ClickHouse has many other limitations. For example, there's no enforcement of uniqueness: You can insert the same primary key multiple times. You can dedupe the data, but only specific table engines support this.

There's absolutely no way anyone will want to use ClickHouse as a general-purpose database.

I should have phrased that differently: if something is good enough in some key metric, it extends to other uses - even if it makes a poor fit.

So I insist: everyone will WANT to use clickhouse as a general purpose database, and will create ways to make it so (ex: copy table with the columns you don't want filtered out, drop the original, rename)

It is just too fast and too good for many other things, so it will expand from these strongholds to the rest.

A personal example: I am migrating my cold storage to clickhouse, because I can just copy the files in place and be up and running.

I know about insert and the likes, I have a great existing system - but this lets me simplify the design, and deprecate many things.
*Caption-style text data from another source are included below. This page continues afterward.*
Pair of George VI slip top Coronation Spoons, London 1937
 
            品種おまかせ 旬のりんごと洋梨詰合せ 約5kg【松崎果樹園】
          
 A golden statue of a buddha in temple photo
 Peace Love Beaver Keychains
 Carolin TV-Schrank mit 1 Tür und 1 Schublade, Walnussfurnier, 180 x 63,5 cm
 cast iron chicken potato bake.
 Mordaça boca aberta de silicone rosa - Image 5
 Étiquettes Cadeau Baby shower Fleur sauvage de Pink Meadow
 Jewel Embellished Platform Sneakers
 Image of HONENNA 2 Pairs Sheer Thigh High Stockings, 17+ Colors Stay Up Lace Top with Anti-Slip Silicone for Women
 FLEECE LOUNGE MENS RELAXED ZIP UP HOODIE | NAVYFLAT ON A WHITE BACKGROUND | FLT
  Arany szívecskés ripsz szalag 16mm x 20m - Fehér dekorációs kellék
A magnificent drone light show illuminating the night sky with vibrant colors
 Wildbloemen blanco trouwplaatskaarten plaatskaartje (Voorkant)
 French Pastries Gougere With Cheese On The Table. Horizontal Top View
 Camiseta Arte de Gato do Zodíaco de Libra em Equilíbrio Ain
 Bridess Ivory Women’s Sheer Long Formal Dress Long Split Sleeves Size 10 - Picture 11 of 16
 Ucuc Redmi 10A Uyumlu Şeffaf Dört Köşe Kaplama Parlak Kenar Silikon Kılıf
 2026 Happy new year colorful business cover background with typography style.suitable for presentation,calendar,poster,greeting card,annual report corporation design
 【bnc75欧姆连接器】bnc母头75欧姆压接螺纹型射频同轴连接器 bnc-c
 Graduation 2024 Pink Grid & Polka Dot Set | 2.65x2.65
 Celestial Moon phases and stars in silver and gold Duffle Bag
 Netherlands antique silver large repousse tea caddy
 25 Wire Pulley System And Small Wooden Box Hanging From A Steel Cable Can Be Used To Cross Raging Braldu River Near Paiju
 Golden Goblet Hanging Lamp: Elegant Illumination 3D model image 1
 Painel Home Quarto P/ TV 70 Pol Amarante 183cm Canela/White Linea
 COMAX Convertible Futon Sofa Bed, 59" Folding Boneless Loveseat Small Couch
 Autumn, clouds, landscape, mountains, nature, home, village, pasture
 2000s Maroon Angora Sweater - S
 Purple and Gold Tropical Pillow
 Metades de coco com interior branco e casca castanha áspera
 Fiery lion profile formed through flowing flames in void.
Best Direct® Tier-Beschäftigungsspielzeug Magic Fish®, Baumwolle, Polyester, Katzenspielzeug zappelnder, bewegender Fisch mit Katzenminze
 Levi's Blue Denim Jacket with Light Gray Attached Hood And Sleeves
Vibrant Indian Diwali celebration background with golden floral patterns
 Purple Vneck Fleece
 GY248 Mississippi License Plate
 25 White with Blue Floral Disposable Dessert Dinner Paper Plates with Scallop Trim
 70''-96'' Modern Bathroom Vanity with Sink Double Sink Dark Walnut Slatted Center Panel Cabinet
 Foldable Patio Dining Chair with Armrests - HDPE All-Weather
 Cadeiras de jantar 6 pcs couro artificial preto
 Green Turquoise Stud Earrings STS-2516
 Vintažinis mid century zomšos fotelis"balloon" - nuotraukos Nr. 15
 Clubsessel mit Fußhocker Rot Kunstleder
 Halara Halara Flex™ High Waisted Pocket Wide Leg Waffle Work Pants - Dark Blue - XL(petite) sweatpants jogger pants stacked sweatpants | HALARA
Fewer moving parts is in general better.

After that is done, there is a database where I would benefit from things like alter tables or advanced joins, but keeping PostgreSQL and ClickHouse side by side, just for this? No. PostgreSQL will go. Dirty tricks will be deployed. Data will be duplicated if necessary.

Advanced joins (specifically merge joins) and object storage are on the way. See the following PRs:

* https://github.com/ClickHouse/ClickHouse/pulls?q=is%3Apr+mer... -- Recent work to enable merge joins

* https://github.com/ClickHouse/ClickHouse/pulls?q=is%3Apr+s3 -- Same thing for managing data on S3 compatible object storage

There's been a lot of community interest in both topics. Merge join work is largely driven by the ClickHouse team at Yandex. Object storage contributions are from a wider range of teams.

That said I don't see ClickHouse replacing OLTP databases any time soon. It's an analytic store and many of the design choices favor fast, resource efficient scanning and aggregation over large datasets. ClickHouse is not the right choice for high levels of concurrent users working on mutable point data. For this Redis, PostgreSQL, or MySQL are your friends.

Sure - but the comment you're replying to made no mention of NoSQL. It just said Clickhouse lacks OLTP by design, that doesn't mean it won't be widely used, just that it will perhaps be limited to analytics workloads.

If you need deletes and transactions, look elsewhere, but Clickhouse seems to be great for what it's been designed for.